The method according to claim 7, wherein in the step of recognizing the vehicle, the shadow detection is mainly to solve the problem that the target is temporarily occluded in a complicated scene, and the specific steps are as follows:

a. Record the position rectangular frame information of the previous frame of the stationary vehicle;

b. calculating the relative position and proportion of the foreground moving target pixel of the current frame in the current rectangular frame;

c. If the proportion is greater than 30%, it is determined that the stationary target has been operated;

d.

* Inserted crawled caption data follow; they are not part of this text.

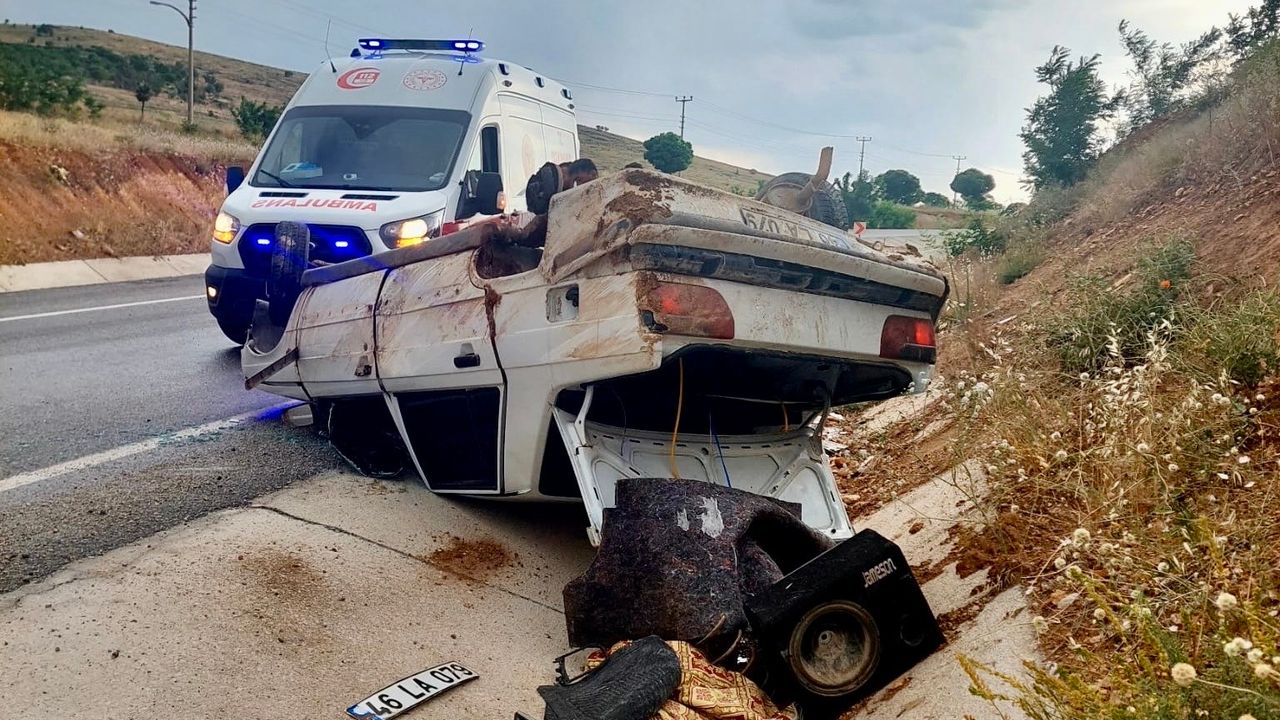 Tek yönlü trafik kazasında 1 kişi yaralanmış.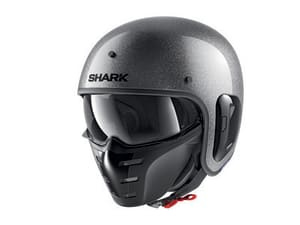 Cască Moto full-open SHARK S-DRAK 2 BLANK GLITTER colour grey, size L unisex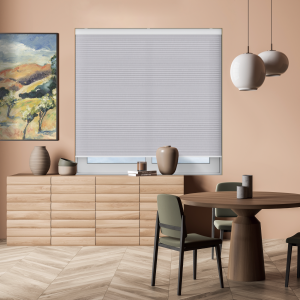 Vesso Silverscale Cordless Honeycomb Pleated Blind Open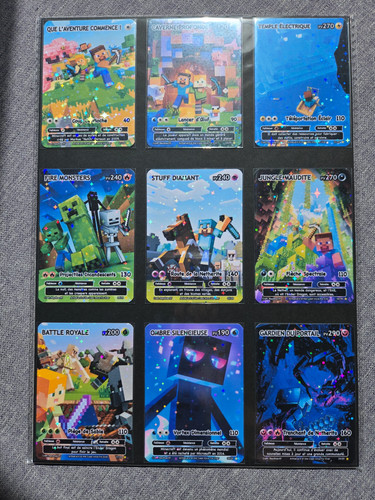 Cartes minecraft pokémon - cartes,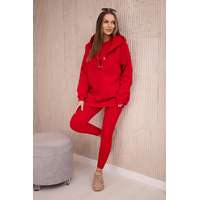 FiatalDivat 3 részes pulóver + felső + leggings szett 9446 piros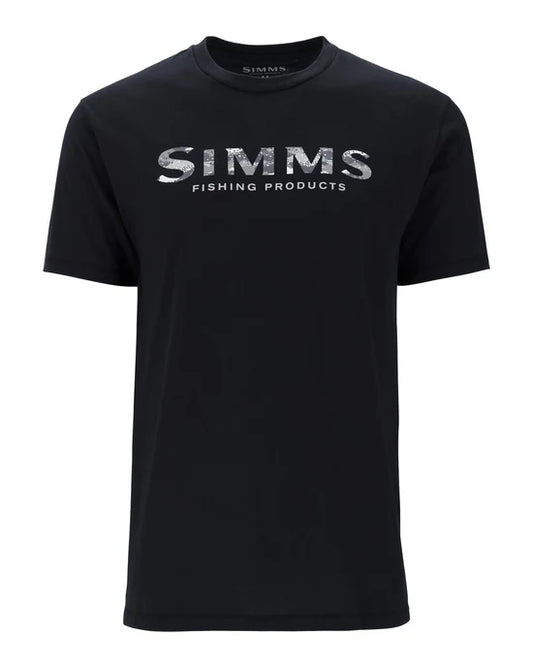 Simms Shroud Fill Logo T-Shirt Mens Black M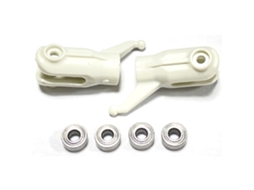 Conjunto de Abraçadeiras do Rotor Principal para Helicóptero Rc Era C032 Uh 1, Preto. MDUG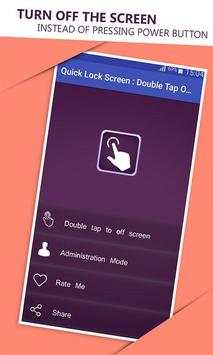 Quick Lock Screen- Double Tap & Signature Lock screenshot 1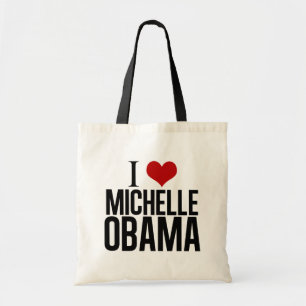Bolsa Tote Eu Amo Michelle Obama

If the proportion is less than or equal to 30%, it is determined that the stationary target is not running, and is still a stationary target, and the current rectangular information frame is used as the position information of the stationary vehicle in the current frame, and the alarm is continued.
A parking detection device based on surveillance video, characterized in that the device comprises:

Video data acquisition unit: for video data captured by a surveillance camera of an ordinary roadside, the relative position of the surveillance camera and the angle of the shooting remain unchanged;

Background model building unit: used to establish a background model based on mixed Gaussian model by analyzing video sequences type;

a foreground moving target extraction unit: for extracting a moving foreground target in the video image;

a stationary target area detecting unit: for detecting a still area in the video;

Vehicle identification unit: used to identify the stationary area by using the improved Haar classifier to achieve the purpose of detecting the vehicle; by training a plurality of strong classifiers, cascading the trained strong classifiers to form the improved Haar classifier, The input images are input one by one for classification and recognition, and after being recognized, they are input to the next-level classifier, and if they are not passed, they are directly recognized as non-vehicles.
The parking detection apparatus according to claim 9, wherein the apparatus further comprises: a shadow detecting unit for reducing the influence of the shadow on the foreground moving target extraction by using the HSV space-based shadow detecting method; the suspected still area detecting unit : used to establish a still pixel matrix. When a point is a foreground pixel, the value of the relative position of the suspected still pixel matrix is increased by one; if a point has a foreground into the background, the point is in the still pixel matrix. Is 0; if a point reaches the threshold set as expected, the point is considered to be a suspected still pixel, and the connected area consisting of suspected still pixels is a suspected still area.